**Task to carry out**
The lines below, from the one holding "Personalized Pittsburgh Steelers" through the one holding "Loaded Fries", are to be restated word for word, with all images left out.

**Extracted records**
_ _ _ _ _

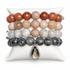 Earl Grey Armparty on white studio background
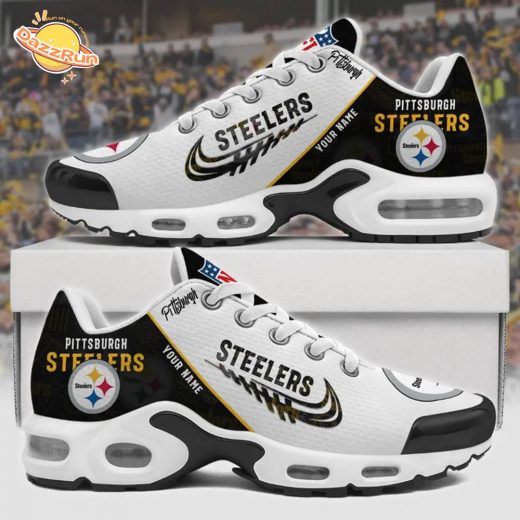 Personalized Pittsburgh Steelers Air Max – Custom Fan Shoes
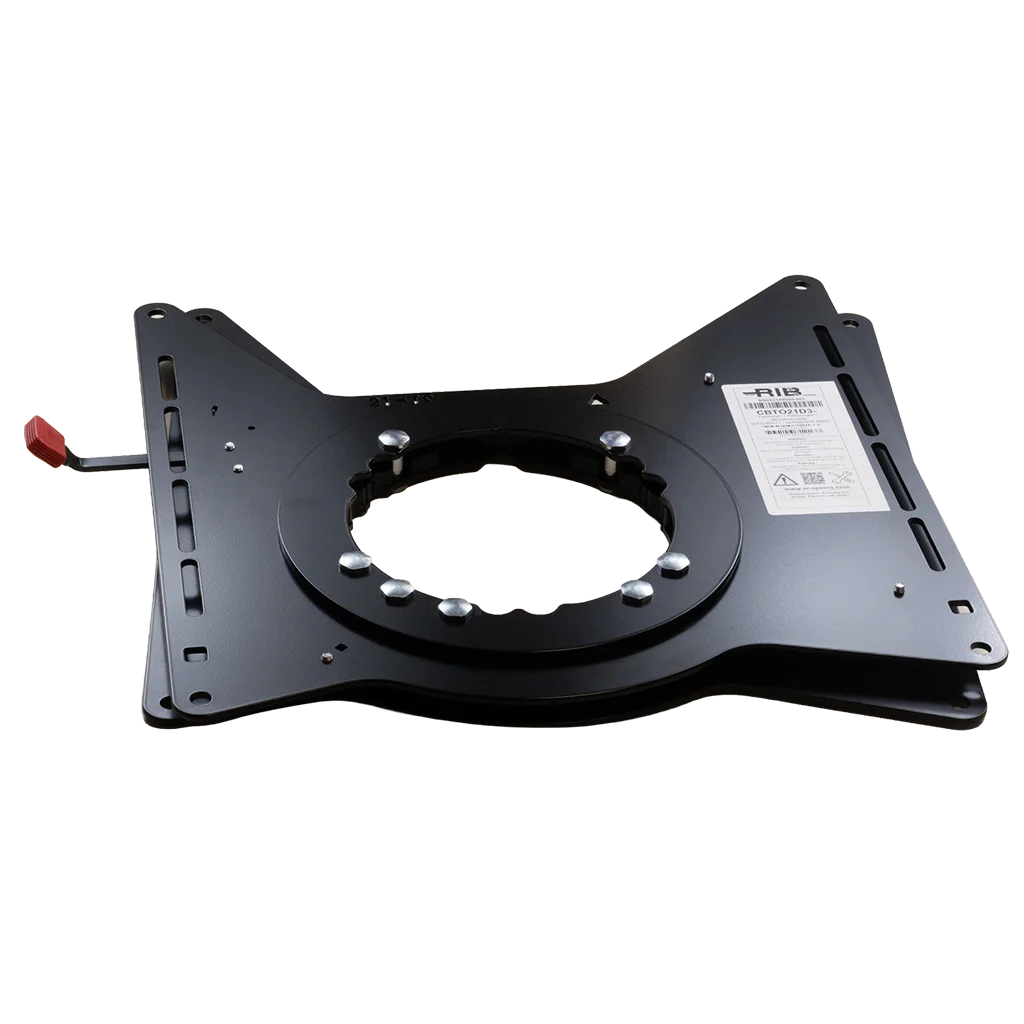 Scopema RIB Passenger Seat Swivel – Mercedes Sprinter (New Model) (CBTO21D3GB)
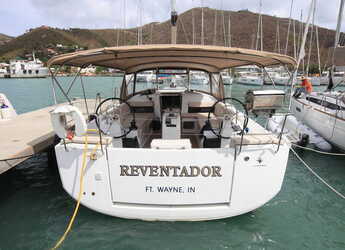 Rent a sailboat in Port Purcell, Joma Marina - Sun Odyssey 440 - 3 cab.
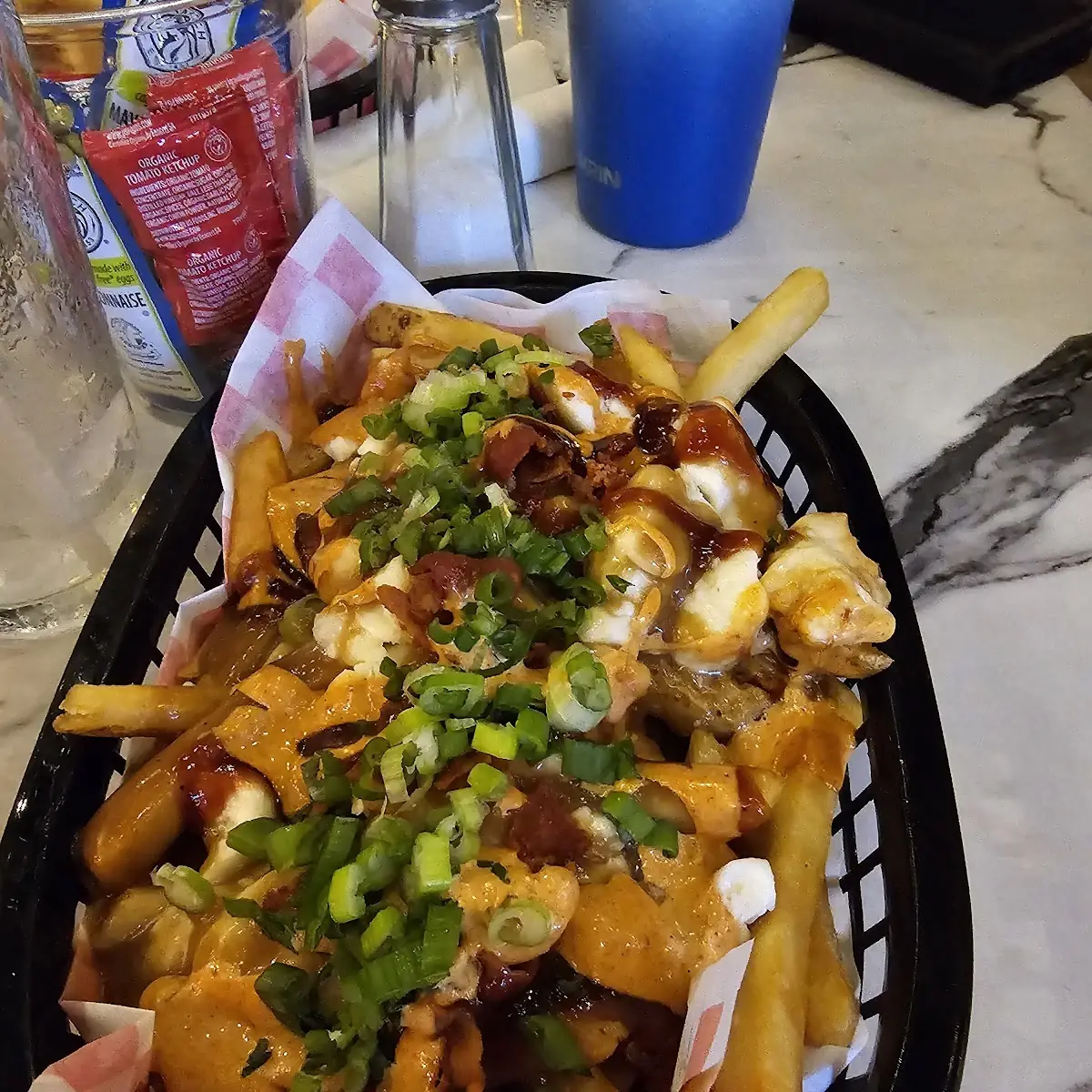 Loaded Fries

_ _ _ _ _

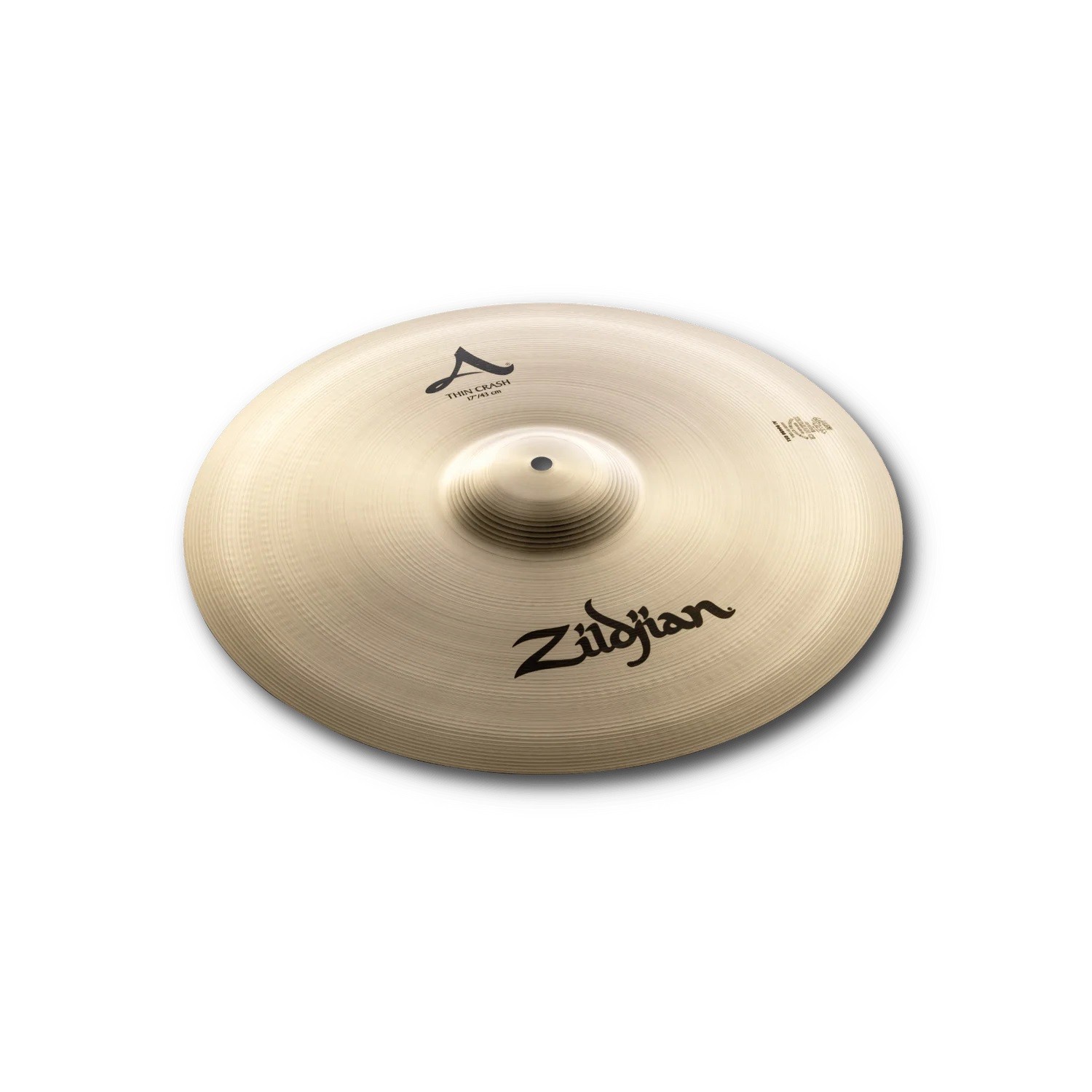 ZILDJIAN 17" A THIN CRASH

_ _ _ _ _

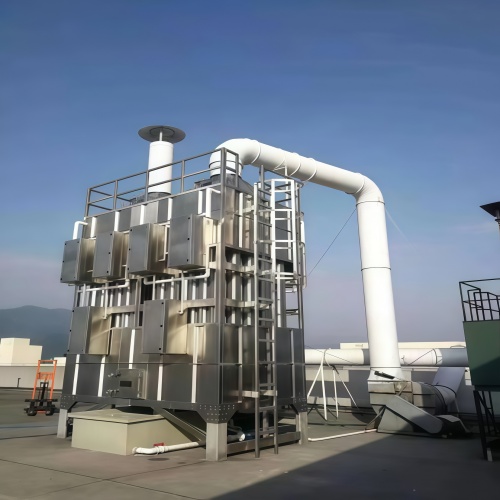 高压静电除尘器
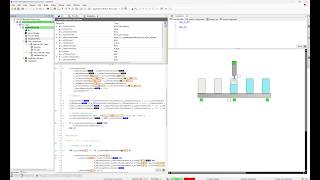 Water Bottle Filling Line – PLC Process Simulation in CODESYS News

_ _ _ _ _

**Reply**
 Personalized Pittsburgh Steelers Air Max – Custom Fan Shoes
 Scopema RIB Passenger Seat Swivel – Mercedes Sprinter (New Model) (CBTO21D3GB)
 Rent a sailboat in Port Purcell, Joma Marina - Sun Odyssey 440 - 3 cab.
 Loaded Fries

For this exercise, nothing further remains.